SUPPLIED DATA:
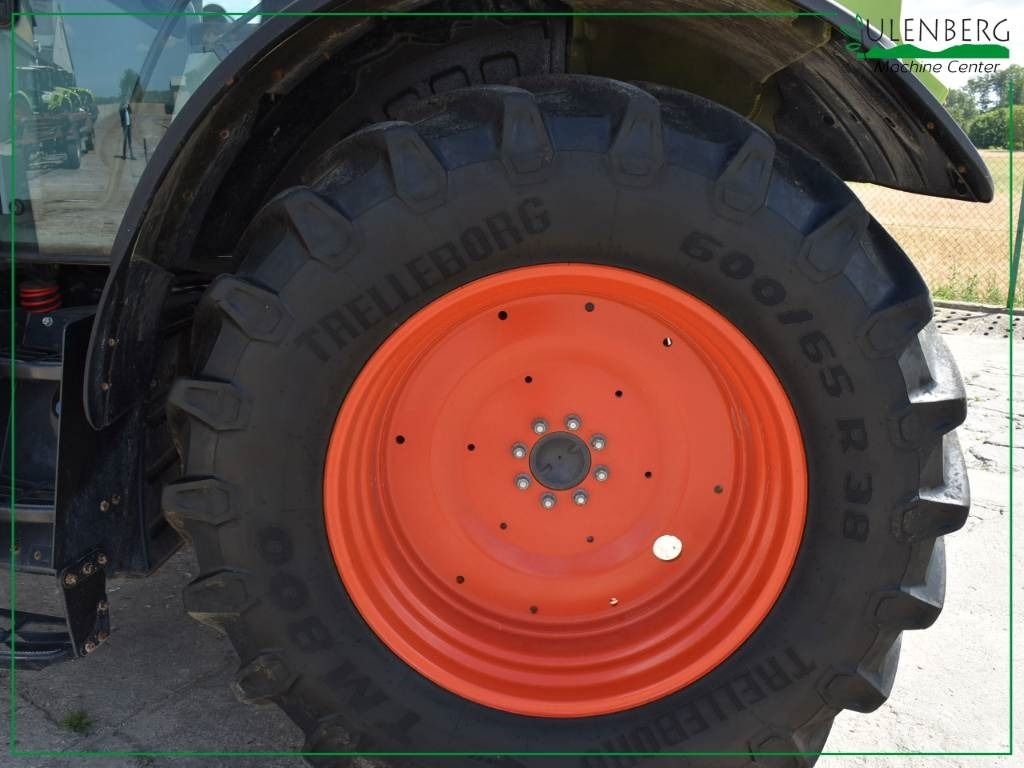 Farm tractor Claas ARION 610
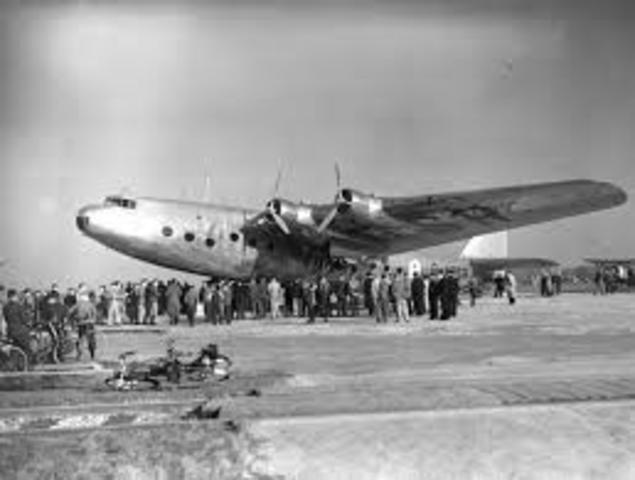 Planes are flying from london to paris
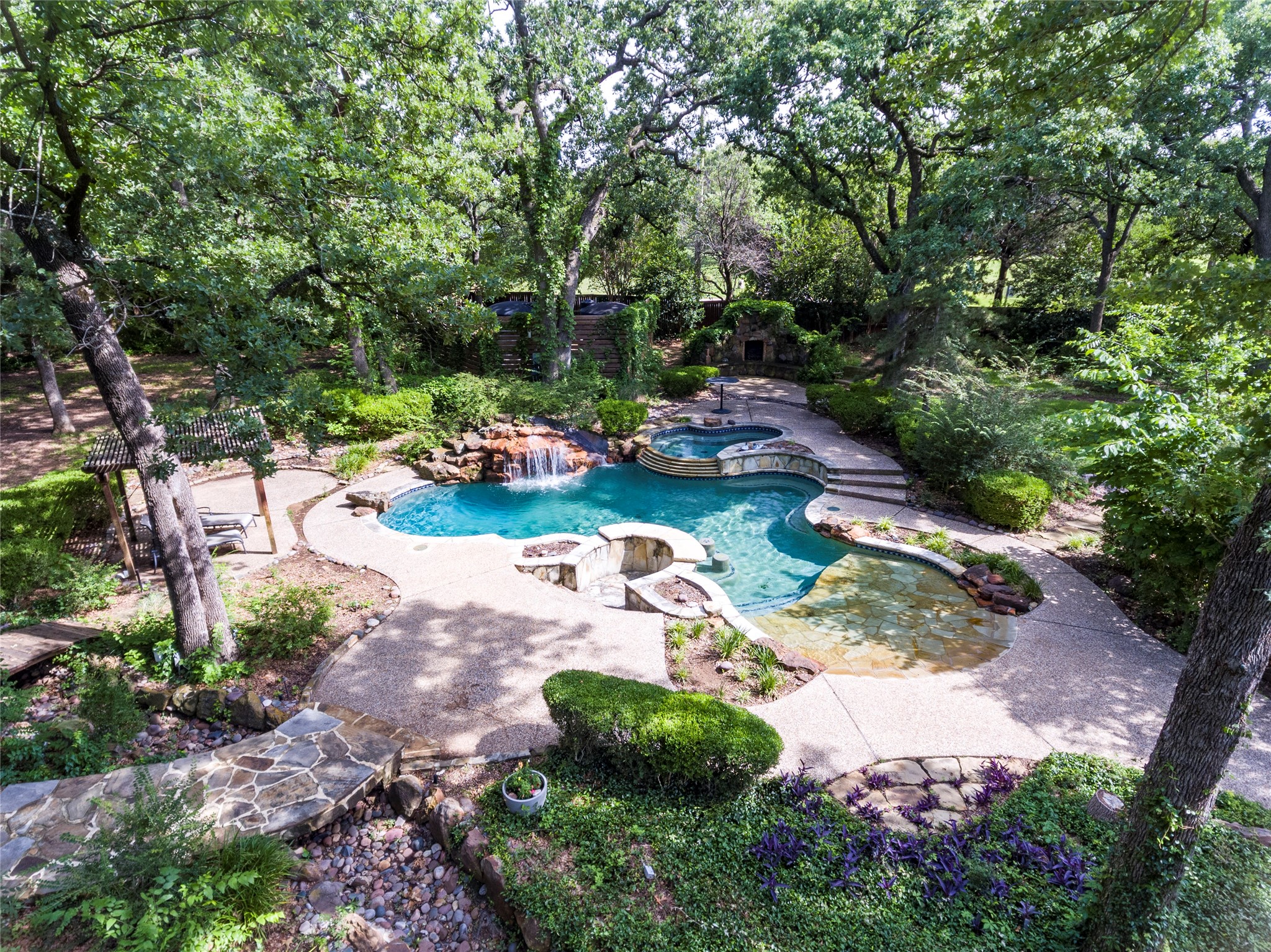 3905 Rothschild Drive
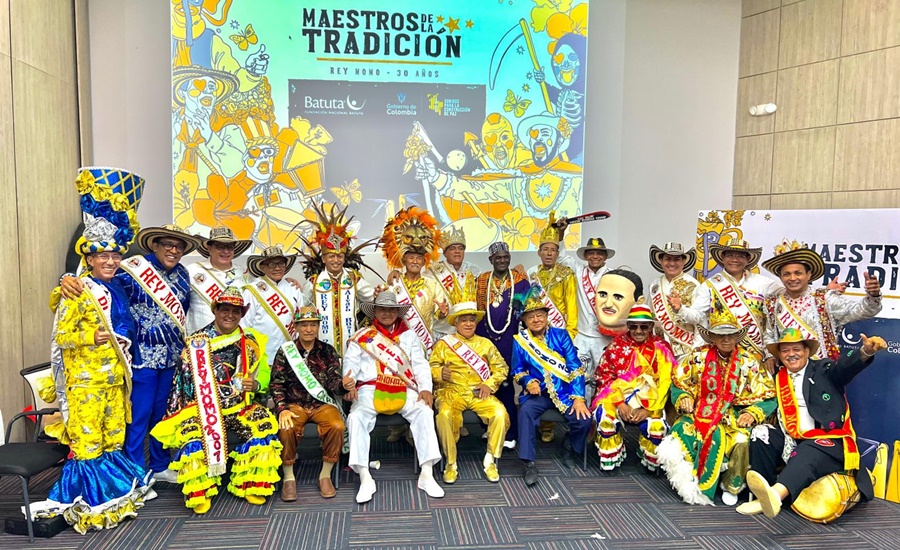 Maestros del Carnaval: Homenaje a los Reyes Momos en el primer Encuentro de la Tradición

WHAT THE TASK ASKS: Without the pictures, write out the listing exactly as it appears above.

RESULT OF THIS EXERCISE:
 Farm tractor Claas ARION 610
 Planes are flying from london to paris
 3905 Rothschild Drive
 Maestros del Carnaval: Homenaje a los Reyes Momos en el primer Encuentro de la Tradición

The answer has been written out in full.